Il ne s'agit donc pas d'un tête à tête entre les deux hommes ils sont juste liés par un certain nombre de points communs : Egon Schiele (1890-1918) a ouvert le siècle à Vienne... Jean -Michel Basquiat (1960-1988) l'a fermé à New-York. Dessinateurs hors-norme, les deux ont un mentor : Klimt pour Schiele , Warhol pour Basquiat ; l'un se voit comme un prophète, l'autre comme un héraut de la cause des artistes noirs et tous deux ont un but : celui de déranger, de bousculer leur contemporain. On sent chez les deux artistes une grande détresse, on la devine dans le trait du dessins ; ils ont l'un comme l'autre un rapport sensible aux mots et à la poésie et tous deux ont écrit. C'était " deux mauvais garçons ". Schiele avec ses dessins crus et corrosifs, est soupçonné de pédophilie, Basquiat est mort d'une overdose. Enfin, les deux sont morts jeunes, à 28 ans, et ils sont devenus en l'espace de quelques années déterminants dans l'histoire de l'art du XXe siècle : au premier coup d'œil, on les reconnaît .
C'est la première exposition d'Egon Schiele à Paris depuis vingt cinq ans (on célèbre en 2018, le centième anniversaire de sa mort). Elle réunit une centaine d'œuvre, la plus part issues de collections particulières. On retrouvera dans la première salle l'influence " ornementale " de Klimt, puis on appréciera son style expressif très singulier : son dessin se caractérise par les distorsions et les déséquilibres anatomiques qui " dérangent " l'œil ; la couleur aquarellée , rehausse les détails des corps dénudés et heurte à dessein la sensibilité du spectateur. Son trait lui appartient, c'est précis, violent, cru et beau.

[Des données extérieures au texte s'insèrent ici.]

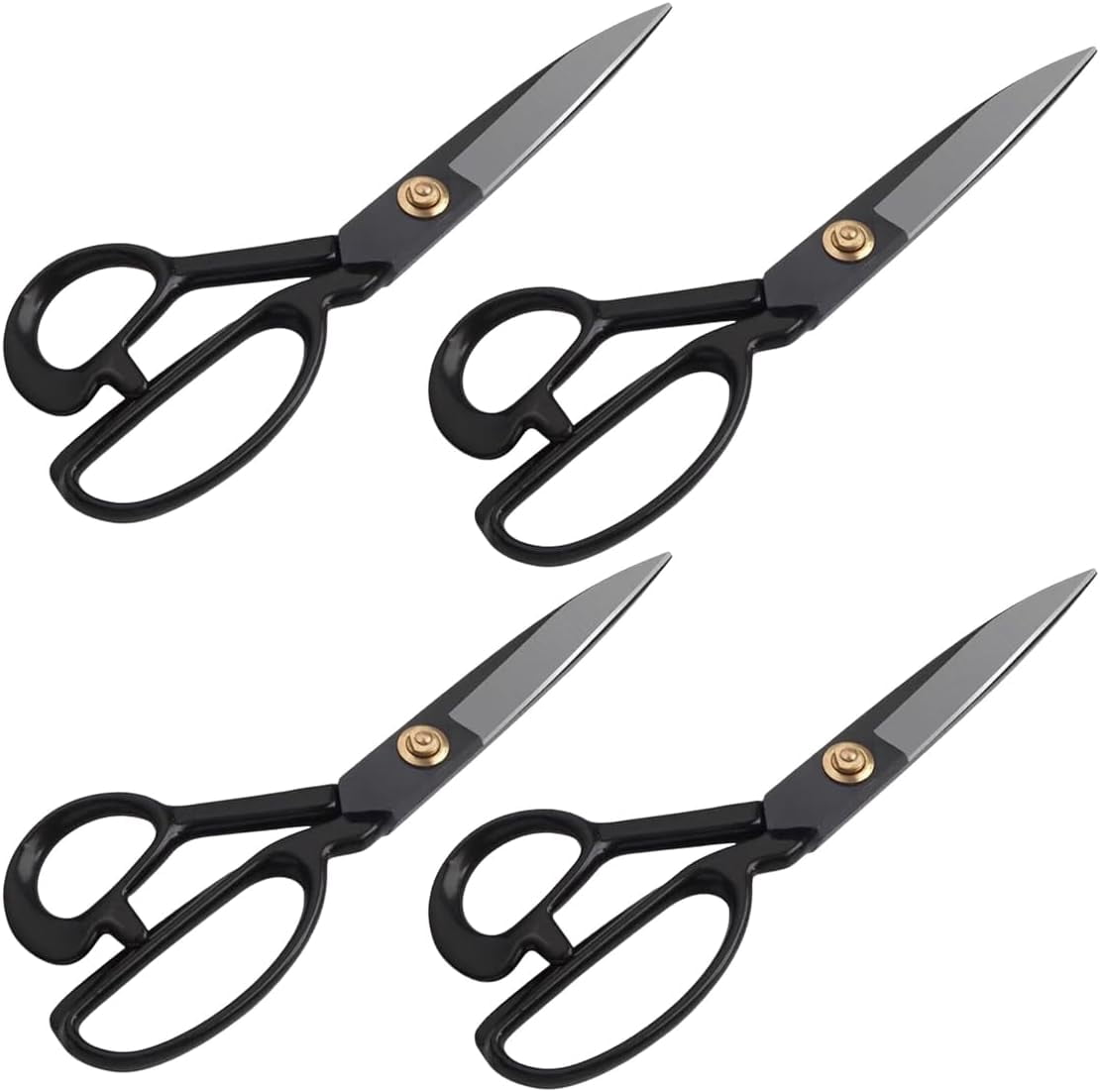 ABCISI 4Pcs Professional Heavy Duty Scissor Tools Cutting PVC TPO Epdm Hot Air Welding Roofing Materials Cutting Fabrics Composite Materials Roofing Scissors Heavy Duty for Home Artists Dressmakers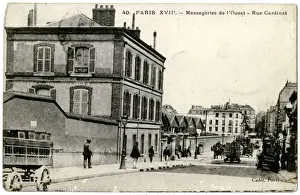Scene in the Rue Cardinet, Paris, France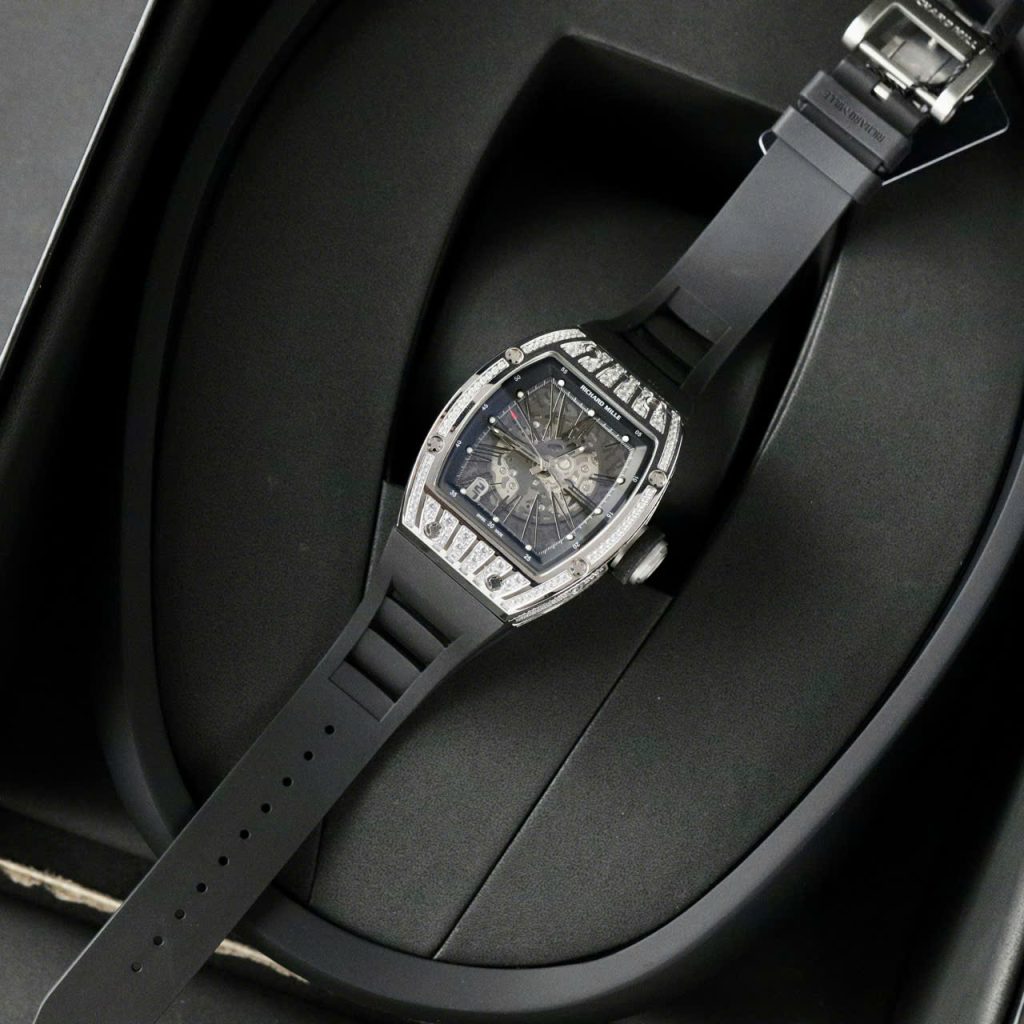 Đồng Hồ Richard Mille Replica Cao Cấp Nam Đính Đá Máy Cơ Tự Động 40mm (7)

Basquiat c'est un régale ; on en connaît beaucoup mais certains tableaux sont inédits. Prodigieux dessinateurs, son trait est unique par sa vitalité comme par sa nature destructrice. C'est un grand coloriste, et le regard s'amuse à décrypter sa peinture : collages, dessins, images, mots répétés, déformés... on peut passer des heures à regarder une toile ; le message est pourtant souvent le même ; Basquiat s'approprie avec rage les enjeux sociaux et économiques de son époque. Il cherche à donner au corps noir sa légitimité physique, politique et symbolique ; il se confronte au racisme persistant, à la violence, à l'exploitation, à la société de consommation... Il couronne la mort et joue avec les mots... Il faut deviner le message !
C'est une très belle exposition qui me donne envie d'y retourner avec le sentiment que quelque chose m'a échappé... Et quelque chose m'a forcément échappé.